We need the logging output of the scripts to be accessible.
When you are backing up over 100 databases, your administrators are not going to want to go onto each individual server to look at logs.
You will need a central location for logging and aggregation of that logging.

O/S Users

We may need common O/S user accounts.
The execution environment of the script needs to include the capability to access the log areas.
The user account used to perform the execution of the script needs to have a common setup across all servers.
If you’re using CIFS or NFS for storing logs, you will have permissions issues if you use different users, unless you configure your NFS/SMB settings appropriately.
In Unix/Linux, it’s easy to create a specific user (could be linked into Windows Active Directory) with the same UID across many servers, or make the user a member of the same group.

Housekeeping

We need housekeeping for our logging capability.
During the execution of your scripts, the logs you generate will need to be kept according to your usual policies.
You may want to see a report of backups for the last month.
You may need to provide audit evidence that a backup has been performed.

Disk Space

We need a defined amount of backup space.
If you are backing up to disk, you may need a way of calculating how much disk space you will need.
In HANA this is fairly easy as it provides views you can query to estimate the backup disk requirements prior to executing a backup.
You will need to call these and check against the target disk location, before your script starts the backup.
How will you account for additional space requirements over time? Will you just fail or can you provide a warning?
How many backups or backup files will you retain on disk and over how many days?
Will these be removed by your script once they are no longer needed?

Backup Strategies

We should consider different backup strategies.
What type of backup will your script need to handle?
For example, with ASE or SQL Server, you may need to run transaction log backups as well as normal full backups.
Will this be the same script?
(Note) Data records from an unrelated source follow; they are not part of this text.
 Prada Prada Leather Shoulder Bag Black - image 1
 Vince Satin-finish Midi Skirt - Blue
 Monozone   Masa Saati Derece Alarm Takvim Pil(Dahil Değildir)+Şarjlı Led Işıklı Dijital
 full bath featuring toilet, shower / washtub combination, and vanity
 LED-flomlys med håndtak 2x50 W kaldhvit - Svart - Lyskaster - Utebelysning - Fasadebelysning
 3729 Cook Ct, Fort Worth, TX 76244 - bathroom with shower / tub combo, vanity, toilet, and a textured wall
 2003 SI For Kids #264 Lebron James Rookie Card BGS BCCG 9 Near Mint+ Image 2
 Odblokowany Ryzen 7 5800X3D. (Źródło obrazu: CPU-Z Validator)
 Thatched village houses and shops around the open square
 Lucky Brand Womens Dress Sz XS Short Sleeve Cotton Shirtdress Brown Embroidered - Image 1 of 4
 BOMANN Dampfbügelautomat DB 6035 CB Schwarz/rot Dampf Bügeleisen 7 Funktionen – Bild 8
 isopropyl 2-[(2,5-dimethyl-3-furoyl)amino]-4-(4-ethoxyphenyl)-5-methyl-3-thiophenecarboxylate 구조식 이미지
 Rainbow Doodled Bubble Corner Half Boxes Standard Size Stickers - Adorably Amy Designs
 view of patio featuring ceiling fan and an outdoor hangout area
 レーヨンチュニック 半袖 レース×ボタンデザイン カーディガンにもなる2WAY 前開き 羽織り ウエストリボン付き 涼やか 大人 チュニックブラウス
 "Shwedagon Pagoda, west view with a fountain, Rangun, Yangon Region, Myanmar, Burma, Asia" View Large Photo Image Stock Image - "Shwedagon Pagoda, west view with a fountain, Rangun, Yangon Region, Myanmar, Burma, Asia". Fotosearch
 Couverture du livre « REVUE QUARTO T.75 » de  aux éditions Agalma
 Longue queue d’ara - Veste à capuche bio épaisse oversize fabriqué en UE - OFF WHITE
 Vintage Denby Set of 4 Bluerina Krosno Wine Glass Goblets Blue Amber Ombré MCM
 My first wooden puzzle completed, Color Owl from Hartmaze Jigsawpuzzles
Can they run together at the same time?
If you are dumping to disk, performing a full backup once a day, then will you need those transaction log dumps from the previous day?
As well as performing a backup of the databases, your script should also backup the recommended configuration files.
For example on ASE, it is recommended to include the configuration file and also the dumphist file.
On HANA it is recommended to include the ini files, the backup.log and useful to include the trace files.
Will your backup be encrypted and will you need to store the keys somewhere?

Validation

We may need backup validation.
Some databases provide post-backup validation, and some provide inline validation of the blocks.
Do you need to consider to these check on (most are by default turned off)?

Authenticity

We should consider backup file authenticity.
Do you need to know if the backup files have been tampered with?
Or maybe just check that what was sent over the network to the target storage location, is the exact same file that was originally created?
You may need to perform some sort of checksum on the original backup file to help establish and authenticate the backup files.
This process should be the same ideally, for all databases.

Pre-Execution Checks

We should performing checking of the environment.
Before your script starts to run the backup, you may wish to include a common set of pre-checks.
The reason is that common issues can be integrated into the pre-checks over time.

Examples Include:

Are you running as the correct O/S user?
Do you have execution access to all required sub-scripts/log directories?
Is the type of target database that your script supports, installed?
Is the target database running?
Are any other required processes running (e.g. ASE backupserver)?
Is a backup script already executing?
Is the version of the database supported by your script?
Is the target backup destination available? (e.g. file/folder location).
Is there enough disk space for your backup to complete?
Was the last backup a success? If not, can you remove the previous dump files?

Once you’ve got all the above decided, then it will be a simple task of writing the script.